The third part of Tesla’s Master Plan Part 3 is to switch home, business and industrial heating to heat pumps. Most of that portion of the presentation was just a Climate Tech 101 on the ill effects of traditional heating systems and how heat pumps could help. Musk said at some point Tesla might consider building heat pumps for the home to help solve this problem.
Tesla already produces heat pumps for its cars, so expanding into homes wouldn’t be far out of left field. But if you have a gas or oil heater, the good news is you don’t have to wait for Tesla to replace it. Plenty of other companies already do this, including Sealed and BlocPower.
Charging and energy storage
Tesla broke up its info-dump with some announcements, and several hints, on the future of its EV charging and energy storage businesses. Most concretely, the automaker formally introduced Magic Dock, an upgrade to Tesla’s charging stations which opens them up to vehicles that aren’t Teslas. Rolling out the tech will enable Tesla to tap into billions in federal subsidies.
Tesla also said it will add a $30 “unlimited overnight home charging” plan to Tesla Electric in July. An invite-only electric plan, Tesla Electric is exclusively available to Powerwall havers in parts of Texas where retail choice exists. Tesla added that it aims to expand its electric plan into other areas — “market by market, in the same way that we’ve approached Tesla insurance.” The company offered no specific dates.
Later, the automaker said it would debut new energy storage products in 2023. One chart shown to investors appeared to depict new megapack and powerwall designs, also hidden beneath illustrated veils. Take this with a grain or more of salt; Tesla has a track record of missing its own deadlines.
Tesla teased a little more information about its humanoid robot, the Optimus, with a video showing two robots slowly building another bot — a big step up from the prototype Tesla showed last October at AI Day.
As usual, Musk stated that Optimus will be worth significantly more than the car side of things.

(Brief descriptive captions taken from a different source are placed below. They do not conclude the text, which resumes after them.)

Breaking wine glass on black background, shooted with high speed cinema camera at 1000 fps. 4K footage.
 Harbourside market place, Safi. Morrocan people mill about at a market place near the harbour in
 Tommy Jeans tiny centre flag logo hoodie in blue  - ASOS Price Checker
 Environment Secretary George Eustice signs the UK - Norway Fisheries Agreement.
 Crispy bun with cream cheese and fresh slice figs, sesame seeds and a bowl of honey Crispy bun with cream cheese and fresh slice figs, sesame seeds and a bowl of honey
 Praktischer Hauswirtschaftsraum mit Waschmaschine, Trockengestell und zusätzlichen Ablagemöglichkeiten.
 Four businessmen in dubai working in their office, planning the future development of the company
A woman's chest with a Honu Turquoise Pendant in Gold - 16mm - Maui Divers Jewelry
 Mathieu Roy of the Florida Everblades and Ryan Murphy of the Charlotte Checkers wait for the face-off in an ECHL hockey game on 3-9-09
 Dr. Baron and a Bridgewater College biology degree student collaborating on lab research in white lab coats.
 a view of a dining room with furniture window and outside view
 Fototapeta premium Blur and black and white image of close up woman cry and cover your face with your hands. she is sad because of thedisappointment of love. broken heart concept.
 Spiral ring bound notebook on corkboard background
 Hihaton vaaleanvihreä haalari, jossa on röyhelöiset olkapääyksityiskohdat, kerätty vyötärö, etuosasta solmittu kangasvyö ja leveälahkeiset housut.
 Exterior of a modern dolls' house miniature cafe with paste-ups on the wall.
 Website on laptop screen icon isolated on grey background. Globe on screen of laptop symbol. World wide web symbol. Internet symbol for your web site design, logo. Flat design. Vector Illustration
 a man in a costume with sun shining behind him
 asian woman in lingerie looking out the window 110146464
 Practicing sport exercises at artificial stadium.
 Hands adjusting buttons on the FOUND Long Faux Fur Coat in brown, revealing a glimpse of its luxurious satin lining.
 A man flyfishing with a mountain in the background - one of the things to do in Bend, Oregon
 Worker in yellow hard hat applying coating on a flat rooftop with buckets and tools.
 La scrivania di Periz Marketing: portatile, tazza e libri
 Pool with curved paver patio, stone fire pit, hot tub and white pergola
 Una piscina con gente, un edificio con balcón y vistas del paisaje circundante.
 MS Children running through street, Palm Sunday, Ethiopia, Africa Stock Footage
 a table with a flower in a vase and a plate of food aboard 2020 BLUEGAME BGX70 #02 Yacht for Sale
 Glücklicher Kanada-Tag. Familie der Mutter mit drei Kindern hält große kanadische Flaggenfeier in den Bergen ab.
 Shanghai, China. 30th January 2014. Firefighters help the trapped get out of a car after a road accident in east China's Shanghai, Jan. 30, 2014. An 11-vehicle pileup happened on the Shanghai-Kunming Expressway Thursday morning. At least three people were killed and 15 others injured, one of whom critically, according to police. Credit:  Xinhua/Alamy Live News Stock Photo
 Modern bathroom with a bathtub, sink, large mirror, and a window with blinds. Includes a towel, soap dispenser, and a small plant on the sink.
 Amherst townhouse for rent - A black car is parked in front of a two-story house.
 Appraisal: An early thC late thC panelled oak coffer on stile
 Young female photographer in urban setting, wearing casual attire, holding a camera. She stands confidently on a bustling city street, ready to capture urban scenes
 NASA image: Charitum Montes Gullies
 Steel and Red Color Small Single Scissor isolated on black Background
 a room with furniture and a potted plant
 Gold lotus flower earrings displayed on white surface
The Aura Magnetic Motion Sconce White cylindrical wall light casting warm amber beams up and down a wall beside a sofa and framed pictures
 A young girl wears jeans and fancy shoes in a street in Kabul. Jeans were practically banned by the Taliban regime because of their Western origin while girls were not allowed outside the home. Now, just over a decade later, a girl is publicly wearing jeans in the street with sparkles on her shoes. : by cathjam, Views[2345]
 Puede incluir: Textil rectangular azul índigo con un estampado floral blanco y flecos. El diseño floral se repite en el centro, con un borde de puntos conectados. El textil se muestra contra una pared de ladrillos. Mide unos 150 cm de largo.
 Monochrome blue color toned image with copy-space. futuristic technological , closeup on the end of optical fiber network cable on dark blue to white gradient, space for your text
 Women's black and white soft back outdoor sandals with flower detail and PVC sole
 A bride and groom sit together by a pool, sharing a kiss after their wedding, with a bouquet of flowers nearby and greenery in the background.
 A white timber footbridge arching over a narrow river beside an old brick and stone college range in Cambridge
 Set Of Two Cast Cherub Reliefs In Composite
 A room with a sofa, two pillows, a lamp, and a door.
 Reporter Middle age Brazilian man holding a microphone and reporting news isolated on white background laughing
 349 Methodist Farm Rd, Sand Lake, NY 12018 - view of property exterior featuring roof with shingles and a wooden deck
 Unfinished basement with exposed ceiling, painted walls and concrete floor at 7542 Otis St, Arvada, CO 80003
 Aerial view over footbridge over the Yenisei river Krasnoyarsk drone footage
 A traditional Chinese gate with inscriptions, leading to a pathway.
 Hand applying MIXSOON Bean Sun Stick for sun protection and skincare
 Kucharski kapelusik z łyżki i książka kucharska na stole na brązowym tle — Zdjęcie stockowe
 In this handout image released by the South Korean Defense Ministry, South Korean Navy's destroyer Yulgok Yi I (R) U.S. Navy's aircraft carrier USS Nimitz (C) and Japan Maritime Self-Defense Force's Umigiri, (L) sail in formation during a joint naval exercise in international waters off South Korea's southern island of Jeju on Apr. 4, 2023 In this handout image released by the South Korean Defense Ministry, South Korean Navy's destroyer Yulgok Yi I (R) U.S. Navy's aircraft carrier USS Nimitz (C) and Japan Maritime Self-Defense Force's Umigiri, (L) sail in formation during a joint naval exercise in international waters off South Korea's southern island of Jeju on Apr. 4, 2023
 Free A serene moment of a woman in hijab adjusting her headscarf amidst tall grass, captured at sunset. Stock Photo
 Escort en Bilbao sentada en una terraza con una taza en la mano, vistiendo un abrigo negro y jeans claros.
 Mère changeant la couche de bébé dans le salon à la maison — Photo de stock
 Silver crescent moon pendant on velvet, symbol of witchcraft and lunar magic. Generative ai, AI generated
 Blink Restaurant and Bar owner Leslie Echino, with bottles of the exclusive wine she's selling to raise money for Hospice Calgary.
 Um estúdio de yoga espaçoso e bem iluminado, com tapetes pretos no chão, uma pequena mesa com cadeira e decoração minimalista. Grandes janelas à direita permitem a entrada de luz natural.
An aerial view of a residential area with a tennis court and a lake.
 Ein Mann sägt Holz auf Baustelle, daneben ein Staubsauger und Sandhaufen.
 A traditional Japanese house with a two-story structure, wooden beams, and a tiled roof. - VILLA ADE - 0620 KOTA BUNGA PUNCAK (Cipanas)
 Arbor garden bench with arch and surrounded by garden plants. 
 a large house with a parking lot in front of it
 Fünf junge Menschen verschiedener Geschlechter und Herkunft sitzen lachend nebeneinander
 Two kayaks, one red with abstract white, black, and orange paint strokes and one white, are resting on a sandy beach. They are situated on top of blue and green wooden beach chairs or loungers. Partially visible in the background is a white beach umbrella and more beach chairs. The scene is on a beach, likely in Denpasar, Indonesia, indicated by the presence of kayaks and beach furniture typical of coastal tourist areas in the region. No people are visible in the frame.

Optimus is trained using the same AI that trains Tesla’s Autopilot and FSD, and Musk detailed how even much of the hardware for Optimus is taken from Tesla’s cars.
“The actuators in Optimus are all custom designed Tesla actuators,” said Musk. “We designed the electric motor or the gearbox, the power electronics, obviously the battery pack and everything else that goes into Optimus. The same team that designed the groundbreaking electric motors that are in the Model S Plaid designed the actuators in the robot.”
What this means, said Musk, is that Tesla has the tools to bring an actual humanoid robot product to market at scale. Now it’s just a question of timing. And also, apparently, of what the ratio of humans to humanoid robots will be. Musk reckons it’ll be greater than one-to-one because the robots can be used at homes, in industrial use cases and more.
How the robot fits into Tesla’s Master Plan Part 3, which is focused on a sustainable energy future for Earth, isn’t exactly clear.